Sexual liberation has had a very complex background and history. Both men and women are involved in the process of pushing the idea of relationships forward. The hazardous old stereotypes still live, like men seeking more sex in a relationship while women look for emotional commitment as they raise children and put ‘pressure’ on their men to stay committed for as long as that takes. And then along came the second half of the 20th century, where relationships get placed in a bigger picture, and previously taboo topics are swept away with the coming of activists such as the Gay Liberation movement. Relationships are redefined as a “commitment between two people”, regardless of their gender.
Birth control gained momentum as early as 1870 in the US and Europe. Unwanted pregnancies were much more rare. In England, single parent families dropped in quantity. Sexual activity was reserved for ‘after marriage’, and the importance of family life was promoted.
This trend has drastically changed in the early 1960s and the advance of the sexual revolution. Contraception had a series of advancements, and the birth control pill became everything. Single men and women became openly sexually active outside of their traditional relationships – marriages. Abortion was legalized in many countries of the western world.
It didn’t end there. In 1969, the Stonewall Riots “gave birth” to the Gay Rights Movement. Both men and women started ‘coming out’ in the Unites States, inspiring their brothers and sisters across the pond to do so as well. The average consumer was able to purchase products like aphrodisiacs, sex toys, and information on their existence and purpose were available to all. Fetishist and BDSM sexual preferences traditionally characterized as taboos, overnight became recognized and brought into the open. Marriage no longer carried the same relevance or strength as it once did, when divorces became easier to obtain. The feminist movement peaked in a single decade of glory that has not been surpassed even today. As a matter of fact, it was the feminist activists who enabled the LGBT population to express themselves and openly embrace their sexuality.

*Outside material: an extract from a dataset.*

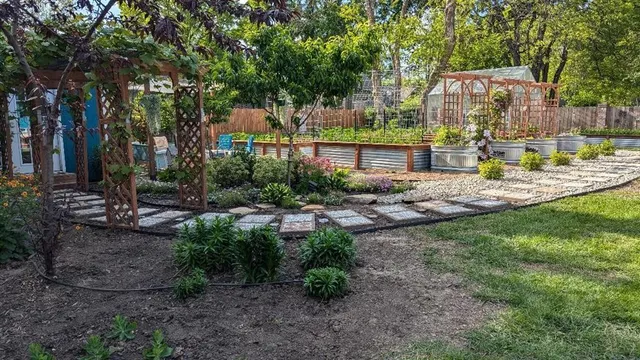 $399,999 | 308 Southeast Colony Drive, Lee's Summit, MO 64063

One of the most important aspects of the sexual revolution was a free flow of information. A myriad of non-fiction sex manuals and publications appeared in bookshops and libraries. However, not all the development was to a good end. Conservative members of society were preparing a ‘counter-revolution’. As usual, they defined all the above mentioned practices as abnormal and dangerous, with more or less success. But thanks to presence and active involvement of LGBT population and progressive youth, the fight for sexual freedom is far from a lost cause.

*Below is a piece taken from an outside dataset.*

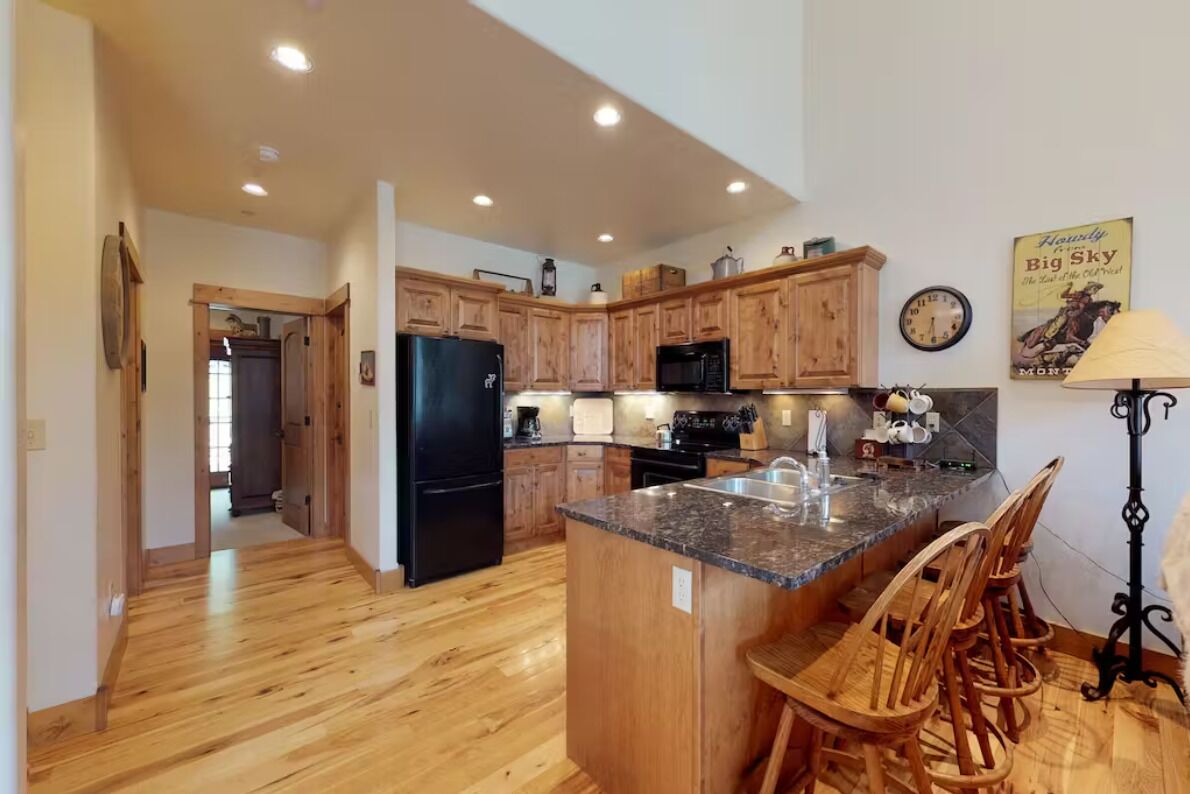 雪櫃、微波爐、焗爐、爐具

The element of “morality” is taken out of the equation when these events are discussed today – there is no moral grounds for torture inflicted upon another human being. The world we live in struggles for its freedom, and is creating the paths through which the freedom comes. The Internet has once again brought transparency to a touchy topic – free love and free access. Where a hundred years ago an indiscretion would land you in an asylum, today there is no fear in standing up for your physical and mental health, with sex ed classes (which should, honestly, be given more attention), going so far as shopping for condoms as commodities.
The evolution of relationships and sexual freedoms has shaken the very foundations of society like a wave of relief across a world governed by interpretations of holy manuscripts backed by personal agenda. Naturally, there is personal agenda on both sides, tampering the purpose of the fight, but a globally-felt inclination towards research, analysis and socio-economic progress keeps the field as fair as it can be.